On peut également citer la Tzedakah, que l’on traduit généralement par charité, mais qui exprime davantage la notion de justice que de charité au sens chrétien du terme. La Tzedakah consiste à rétablir les équilibres d’un monde soumis à de perpétuelles déformations. C’est une obligation de régulation à laquelle tout le monde est soumis. Concrètement, en donnant par exemple 10% de son salaire.
Autre institution sociale défendue par la tradition rabbinique : la chmita , ou le jubilé. Tous les sept ans, les propriétés étaient sensées revenir à leur propriétaire initial. Tous les 50 ans, à l’occasion du grand jubilé, tous les compteurs économiques étaient remis à zéro.
Entre la sphère religieuse et le monde des universités, les liens sont également très ténus…
En tout cas en France. C’est moins le cas dans le monde anglo-saxon, où un prêtre ou un rabbin peut venir librement délivrer un enseignement à l’école ou l’université, par exemple, sans que quiconque pousse des cris d’orfraies en sainte défense du principe du principe de laïcité. Personnellement, sans vouloir confessionnaliser qui que ce soit, je tiens pour une grande perte que le fait religieux ne soit pas enseigné à l’école. Alors que la civilisation des 2 000 dernières années a été nourrie par le fait religieux - pour le meilleur ou pour le pire -, il est invraisemblable que nous tournions le dos à cette culture (qui trouve des expressions dans tous les domaines, dans l’opéra, la grande peinture européenne, etc…). Cette perte colossale de culture religieuse est forcément dommageable.
S’il est fermé à la religion, le monde de l’entreprise s’ouvre de plus en plus à des formes de spiritualité très individuelles, en partie inspirées par les philosophies bouddhistes…
La spiritualité, c’est un sillon que l’on creuse, pour approfondir la connaissance que l’on a de soi et mieux comprendre ce qu’est l’autre. Mais dans sa quête, parfois, de « collection » des meilleurs éléments de telle ou telle religion, de composition de nouveaux « bouquets » spirituels, je demeure sceptique – comme vis-à-vis de toute approche ultra-synchrétiste. Notre société a tendance à confondre respect de l’autre, métissage et possibilité de tout synchrétiser au gré de ses besoins. Agréger les choses et les recomposer en fonction de nos besoins, c’est là une idée qui fleure bon, sans le dire, l’utilitarisme, et à mon sens, une des idées les plus étrangères à la spiritualité. Toute spiritualité est indissociable des notions d’effort et de limite et, à un moment donné, rencontre l’idée de Loi sous une forme ou sous une autre. La perception de la Loi est le grand événement, pour l’individu, de sa quête spirituelle ; comprendre, admettre que la transcendance est quelque chose qui le cas échéant peut s’opposer à nous, à notre tendance naturelle à l’expansion illimitée de nos besoins, de nos désirs, puis socialiser cette sagesse en des institutions qui nous font la partager et la transmettre à d’autres, dans un vivre ensemble, voilà la religion à son meilleur, assez éloignée, il faut le dire, des recherches forcenées du « bien-être » qui se jouent parfois sous le doux nom de « spiritualités ».
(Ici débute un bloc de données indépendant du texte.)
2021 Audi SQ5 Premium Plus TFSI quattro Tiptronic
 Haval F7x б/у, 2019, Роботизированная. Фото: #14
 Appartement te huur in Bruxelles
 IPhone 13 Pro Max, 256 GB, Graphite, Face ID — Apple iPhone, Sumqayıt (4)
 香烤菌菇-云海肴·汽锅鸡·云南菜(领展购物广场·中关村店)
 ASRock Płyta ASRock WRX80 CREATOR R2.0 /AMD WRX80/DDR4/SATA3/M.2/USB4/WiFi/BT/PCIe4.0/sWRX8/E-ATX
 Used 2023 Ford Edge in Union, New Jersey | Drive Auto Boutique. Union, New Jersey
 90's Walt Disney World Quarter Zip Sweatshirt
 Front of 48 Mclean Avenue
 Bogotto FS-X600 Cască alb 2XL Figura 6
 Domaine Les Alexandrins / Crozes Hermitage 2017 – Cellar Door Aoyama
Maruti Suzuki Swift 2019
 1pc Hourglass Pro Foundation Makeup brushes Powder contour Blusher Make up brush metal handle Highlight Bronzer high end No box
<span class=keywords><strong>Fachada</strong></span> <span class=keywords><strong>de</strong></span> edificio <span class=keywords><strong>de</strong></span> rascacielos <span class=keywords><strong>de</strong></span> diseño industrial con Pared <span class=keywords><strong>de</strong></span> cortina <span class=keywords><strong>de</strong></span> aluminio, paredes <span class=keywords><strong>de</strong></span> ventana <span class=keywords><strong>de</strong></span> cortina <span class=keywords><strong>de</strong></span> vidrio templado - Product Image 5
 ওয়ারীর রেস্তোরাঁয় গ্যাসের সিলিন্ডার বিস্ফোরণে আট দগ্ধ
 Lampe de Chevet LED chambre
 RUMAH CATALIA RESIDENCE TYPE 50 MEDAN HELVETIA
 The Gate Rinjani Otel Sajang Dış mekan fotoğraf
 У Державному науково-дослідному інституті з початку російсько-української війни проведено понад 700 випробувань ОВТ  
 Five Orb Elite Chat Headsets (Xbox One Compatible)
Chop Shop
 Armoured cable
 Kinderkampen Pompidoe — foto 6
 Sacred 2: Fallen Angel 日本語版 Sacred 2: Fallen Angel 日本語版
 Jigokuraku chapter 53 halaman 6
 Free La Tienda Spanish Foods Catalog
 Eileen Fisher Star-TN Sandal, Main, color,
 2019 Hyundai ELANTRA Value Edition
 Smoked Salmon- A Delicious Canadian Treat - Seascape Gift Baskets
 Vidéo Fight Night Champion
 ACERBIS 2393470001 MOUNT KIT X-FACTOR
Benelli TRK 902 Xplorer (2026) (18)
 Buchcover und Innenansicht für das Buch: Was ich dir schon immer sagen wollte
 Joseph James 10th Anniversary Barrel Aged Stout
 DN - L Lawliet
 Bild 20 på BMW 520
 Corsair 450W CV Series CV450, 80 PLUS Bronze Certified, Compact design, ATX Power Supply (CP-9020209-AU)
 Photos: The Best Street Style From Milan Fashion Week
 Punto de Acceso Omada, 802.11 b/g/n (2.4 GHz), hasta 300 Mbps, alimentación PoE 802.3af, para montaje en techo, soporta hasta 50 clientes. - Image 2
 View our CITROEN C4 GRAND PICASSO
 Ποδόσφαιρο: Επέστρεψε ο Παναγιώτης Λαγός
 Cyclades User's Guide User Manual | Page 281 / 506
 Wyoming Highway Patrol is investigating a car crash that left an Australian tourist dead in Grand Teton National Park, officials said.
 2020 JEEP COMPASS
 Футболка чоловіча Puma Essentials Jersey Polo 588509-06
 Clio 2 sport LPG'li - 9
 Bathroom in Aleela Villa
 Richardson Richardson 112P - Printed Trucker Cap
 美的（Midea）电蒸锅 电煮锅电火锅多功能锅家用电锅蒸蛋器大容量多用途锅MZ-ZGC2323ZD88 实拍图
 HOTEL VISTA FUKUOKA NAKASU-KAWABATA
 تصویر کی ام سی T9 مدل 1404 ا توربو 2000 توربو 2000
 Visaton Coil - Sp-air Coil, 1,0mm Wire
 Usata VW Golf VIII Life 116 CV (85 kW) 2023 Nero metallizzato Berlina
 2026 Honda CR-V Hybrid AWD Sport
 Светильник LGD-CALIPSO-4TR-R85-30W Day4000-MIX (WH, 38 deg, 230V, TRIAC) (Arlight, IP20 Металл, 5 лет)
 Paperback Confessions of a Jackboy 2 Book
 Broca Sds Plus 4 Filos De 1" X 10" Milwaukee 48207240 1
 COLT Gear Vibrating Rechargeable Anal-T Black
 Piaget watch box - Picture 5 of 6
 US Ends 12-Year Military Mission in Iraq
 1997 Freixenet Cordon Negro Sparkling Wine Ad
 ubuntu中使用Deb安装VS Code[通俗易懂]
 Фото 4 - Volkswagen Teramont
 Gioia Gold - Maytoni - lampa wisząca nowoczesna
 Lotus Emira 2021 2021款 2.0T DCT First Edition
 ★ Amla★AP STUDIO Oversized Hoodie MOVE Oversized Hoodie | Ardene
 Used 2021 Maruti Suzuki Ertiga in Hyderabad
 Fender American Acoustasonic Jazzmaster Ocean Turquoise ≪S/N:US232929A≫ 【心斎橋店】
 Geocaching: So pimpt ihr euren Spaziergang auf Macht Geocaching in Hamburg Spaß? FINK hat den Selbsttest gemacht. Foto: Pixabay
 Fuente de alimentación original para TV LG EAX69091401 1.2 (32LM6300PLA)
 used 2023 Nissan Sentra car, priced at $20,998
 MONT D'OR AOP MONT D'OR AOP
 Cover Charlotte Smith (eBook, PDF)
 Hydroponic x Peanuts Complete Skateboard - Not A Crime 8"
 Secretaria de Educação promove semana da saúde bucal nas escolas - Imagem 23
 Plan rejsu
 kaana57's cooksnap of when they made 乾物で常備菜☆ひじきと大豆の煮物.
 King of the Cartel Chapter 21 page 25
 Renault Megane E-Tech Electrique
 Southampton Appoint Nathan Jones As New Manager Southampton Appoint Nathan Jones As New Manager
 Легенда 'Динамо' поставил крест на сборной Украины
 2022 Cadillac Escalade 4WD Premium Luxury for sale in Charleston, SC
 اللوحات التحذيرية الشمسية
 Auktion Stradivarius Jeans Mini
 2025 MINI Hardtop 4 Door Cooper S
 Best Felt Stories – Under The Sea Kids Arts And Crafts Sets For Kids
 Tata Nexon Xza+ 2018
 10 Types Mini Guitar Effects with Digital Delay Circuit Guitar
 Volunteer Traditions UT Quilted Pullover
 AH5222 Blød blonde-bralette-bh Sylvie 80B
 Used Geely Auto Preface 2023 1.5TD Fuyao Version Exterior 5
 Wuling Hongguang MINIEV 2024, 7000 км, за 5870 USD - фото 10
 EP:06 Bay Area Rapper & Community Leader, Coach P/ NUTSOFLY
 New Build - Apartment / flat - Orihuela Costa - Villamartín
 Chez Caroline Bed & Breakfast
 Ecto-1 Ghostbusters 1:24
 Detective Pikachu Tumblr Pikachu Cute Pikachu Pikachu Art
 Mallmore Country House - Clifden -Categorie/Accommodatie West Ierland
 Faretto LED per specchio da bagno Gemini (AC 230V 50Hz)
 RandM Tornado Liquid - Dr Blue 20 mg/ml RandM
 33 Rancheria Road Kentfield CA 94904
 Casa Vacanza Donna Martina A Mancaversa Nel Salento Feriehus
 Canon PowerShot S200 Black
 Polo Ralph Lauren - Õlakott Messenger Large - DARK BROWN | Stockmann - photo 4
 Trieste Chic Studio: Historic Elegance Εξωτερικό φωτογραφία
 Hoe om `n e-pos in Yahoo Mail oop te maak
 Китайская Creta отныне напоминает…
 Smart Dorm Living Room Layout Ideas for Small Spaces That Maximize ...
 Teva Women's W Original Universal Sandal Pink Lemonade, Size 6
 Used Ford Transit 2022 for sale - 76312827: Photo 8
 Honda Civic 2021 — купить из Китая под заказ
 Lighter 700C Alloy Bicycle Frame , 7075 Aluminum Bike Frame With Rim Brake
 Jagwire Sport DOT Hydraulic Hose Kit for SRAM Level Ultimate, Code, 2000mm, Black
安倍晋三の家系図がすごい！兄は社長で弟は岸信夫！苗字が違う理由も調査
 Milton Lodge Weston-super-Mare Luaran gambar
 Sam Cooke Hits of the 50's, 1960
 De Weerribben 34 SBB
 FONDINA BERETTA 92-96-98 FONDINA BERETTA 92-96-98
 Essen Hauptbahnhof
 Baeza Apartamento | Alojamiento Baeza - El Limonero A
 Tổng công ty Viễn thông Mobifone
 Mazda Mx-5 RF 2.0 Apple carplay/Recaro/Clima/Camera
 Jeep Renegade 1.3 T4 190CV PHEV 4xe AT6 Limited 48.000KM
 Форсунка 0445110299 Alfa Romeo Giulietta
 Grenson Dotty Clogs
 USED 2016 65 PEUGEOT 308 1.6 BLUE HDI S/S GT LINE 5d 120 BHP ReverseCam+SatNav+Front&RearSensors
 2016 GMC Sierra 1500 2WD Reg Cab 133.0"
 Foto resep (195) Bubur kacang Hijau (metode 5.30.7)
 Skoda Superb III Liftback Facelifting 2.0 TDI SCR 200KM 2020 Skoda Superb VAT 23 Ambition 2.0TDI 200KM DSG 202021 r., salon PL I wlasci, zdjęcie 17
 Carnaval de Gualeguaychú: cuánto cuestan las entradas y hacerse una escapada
Le judaïsme parle-t-il de bonheur ?Disons que le bonheur n’est pas une finalité directe. Nous avons davantage tendance à placer le monde et ce que nous avons à y faire dans la perspective d’une responsabilité, d’un devoir. Cette perspective de la responsabilité, et du devoir de « faire », c’est ce que nous nommons « alliance ». L’alliance avec Dieu est la conscience que Dieu, tout en nous donnant le monde « et tout ce qu’il contient », nous laisse aussi une place, exige de nous que nous prenions notre place pour parfaire ce monde. Cette confiance en nous placée, tel est notre bonheur, le bonheur d’une responsabilité pleine de sens et orientée vers le bien, en tout cas vers le mieux.